But as reporters, we can’t take anything at face value. And that’s sort of an affront to our role in the process. So I think doing things like seeking the unsealing of cooperators records, whether it’s Felix Sater, or whether it’s an unknown cooperator in another national security case, it’s important because we have this adversarial system of justice. And it’s not just the prosecution and the defense, and the press has this role in it. And we are supposed to advocate for transparency when others aren’t going to do it.
JS: What cases do you think are most dangerous for Donald Trump, the man, the individual? Yes, he’s president now but if you were sort of handicapping this, what are the cases that are most interesting to follow as we explore the question of whether Trump has committed crimes?
JD: Propublica did a great story this past week involving essentially fraud that the Trump Organization has put forward regarding their properties and ownership and the valuations of those properties on tax documents then on loan applications. And this is something I actually asked Felix Sater about, “What is it with overstating the value of your assets?” And he said, “This is how it’s done. This is real estate business 101. Whenever you’re seeking financing on a private property, of course, you’re going to overstate the value of the assets. That’s how you open the negotiation. And then the bank comes back.” Well, I don’t think federal prosecutors see it that way. I think they see that as potential grist for a fraud charge, whether that’s a viable case, I don’t know. But I look at that — and you have all the paper, you have the people — and I think that’s enough to make a case. Again, going back to the size of the target, I think there’s a real reticence within our culture, to go after these big targets. And you saw it with the Mueller investigation, and I think whether Trump leaves office and sort of loses his immunity, whether that will happen, I would be very surprised.

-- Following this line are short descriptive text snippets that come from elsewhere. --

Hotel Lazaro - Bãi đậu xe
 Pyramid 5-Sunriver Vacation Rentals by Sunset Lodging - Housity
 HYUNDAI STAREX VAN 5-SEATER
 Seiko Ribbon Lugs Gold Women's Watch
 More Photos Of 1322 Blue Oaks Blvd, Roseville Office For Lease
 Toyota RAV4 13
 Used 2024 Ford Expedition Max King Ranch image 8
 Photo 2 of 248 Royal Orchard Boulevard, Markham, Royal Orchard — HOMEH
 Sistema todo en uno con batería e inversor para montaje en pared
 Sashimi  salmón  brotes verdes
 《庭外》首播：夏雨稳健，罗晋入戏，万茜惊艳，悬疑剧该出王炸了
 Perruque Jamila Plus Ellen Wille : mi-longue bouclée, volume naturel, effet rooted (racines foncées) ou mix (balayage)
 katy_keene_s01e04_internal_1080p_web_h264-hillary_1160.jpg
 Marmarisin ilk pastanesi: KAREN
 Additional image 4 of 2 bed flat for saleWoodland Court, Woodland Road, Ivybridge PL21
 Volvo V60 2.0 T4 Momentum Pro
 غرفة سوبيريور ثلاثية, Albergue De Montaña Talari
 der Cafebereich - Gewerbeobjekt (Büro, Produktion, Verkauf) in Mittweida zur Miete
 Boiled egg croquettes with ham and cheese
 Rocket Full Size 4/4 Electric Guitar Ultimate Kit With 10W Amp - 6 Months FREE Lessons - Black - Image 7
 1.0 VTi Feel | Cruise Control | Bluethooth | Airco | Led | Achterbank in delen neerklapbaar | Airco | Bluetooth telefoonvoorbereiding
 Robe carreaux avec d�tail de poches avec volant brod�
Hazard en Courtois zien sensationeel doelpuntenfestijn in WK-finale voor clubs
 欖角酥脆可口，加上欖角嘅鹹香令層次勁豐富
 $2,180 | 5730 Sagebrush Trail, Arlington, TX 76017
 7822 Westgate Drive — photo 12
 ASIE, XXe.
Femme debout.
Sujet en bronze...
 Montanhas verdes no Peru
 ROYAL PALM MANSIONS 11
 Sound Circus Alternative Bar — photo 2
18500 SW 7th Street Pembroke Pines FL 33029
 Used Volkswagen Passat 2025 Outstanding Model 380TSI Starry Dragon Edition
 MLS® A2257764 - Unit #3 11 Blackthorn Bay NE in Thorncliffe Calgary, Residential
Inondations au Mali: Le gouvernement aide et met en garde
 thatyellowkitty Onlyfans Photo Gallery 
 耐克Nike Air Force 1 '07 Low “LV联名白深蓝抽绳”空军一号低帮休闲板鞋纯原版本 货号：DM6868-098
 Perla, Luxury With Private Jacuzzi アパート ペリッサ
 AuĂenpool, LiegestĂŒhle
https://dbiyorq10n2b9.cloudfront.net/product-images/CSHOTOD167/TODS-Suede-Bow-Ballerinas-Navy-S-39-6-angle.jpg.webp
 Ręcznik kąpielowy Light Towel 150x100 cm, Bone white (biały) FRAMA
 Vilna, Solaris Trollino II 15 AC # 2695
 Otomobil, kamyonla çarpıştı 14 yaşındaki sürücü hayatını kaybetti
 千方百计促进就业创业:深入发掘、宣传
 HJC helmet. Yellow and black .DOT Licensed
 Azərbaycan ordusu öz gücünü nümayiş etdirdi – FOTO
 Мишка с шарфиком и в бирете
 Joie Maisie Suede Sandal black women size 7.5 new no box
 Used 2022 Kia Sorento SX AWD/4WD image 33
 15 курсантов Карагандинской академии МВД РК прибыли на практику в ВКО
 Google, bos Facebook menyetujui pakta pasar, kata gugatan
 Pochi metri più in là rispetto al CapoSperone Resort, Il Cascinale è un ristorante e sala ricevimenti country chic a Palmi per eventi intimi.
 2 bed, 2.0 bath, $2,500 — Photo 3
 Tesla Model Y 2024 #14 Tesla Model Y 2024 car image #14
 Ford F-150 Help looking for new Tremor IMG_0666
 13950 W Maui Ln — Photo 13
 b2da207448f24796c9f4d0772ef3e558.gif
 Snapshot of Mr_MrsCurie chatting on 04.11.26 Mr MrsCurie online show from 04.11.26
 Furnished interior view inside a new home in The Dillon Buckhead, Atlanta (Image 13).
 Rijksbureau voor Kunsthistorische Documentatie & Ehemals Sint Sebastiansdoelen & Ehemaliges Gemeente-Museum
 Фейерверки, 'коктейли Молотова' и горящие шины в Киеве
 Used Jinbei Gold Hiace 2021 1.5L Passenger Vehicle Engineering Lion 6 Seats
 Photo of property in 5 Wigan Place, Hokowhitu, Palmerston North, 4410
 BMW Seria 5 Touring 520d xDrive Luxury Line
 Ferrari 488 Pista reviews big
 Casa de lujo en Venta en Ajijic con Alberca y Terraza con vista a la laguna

JS: Johnny Dwyer, thank you very much for your work, and thanks for being here with us.
JD: Thank you.
JS: Johnny Dwyer is an investigative journalist and adjunct professor at Arthur L. Carter Journalism Institute at NYU. He is the author of two books, “The Districts” and “American Warlord.” His latest piece at theintercept.com is called “Rudy Giuliani Turned NY’s Southern District Into a Spin Machine. His Legacy is Coming Back to Haunt Him.“
DJT: Last month, unemployment reached its lowest level in 51 years.
We’ve created 6.4 million new jobs. Just last month, unemployment reached the lowest rate in over 50 years.
Since my election, and everybody in the fake news would’ve said, that’s absolutely impossible.
JS: Donald Trump sings his own praises about well, a lot of things, including the unemployment rate. It is lower than it has ever been since 1969 at around 3.5 percent. But there’s a lot the unemployment rate doesn’t reveal, such as the number of people who’ve stopped looking for work all together and the quality of jobs available. Much of the landscape is made up of low-wage service sector jobs.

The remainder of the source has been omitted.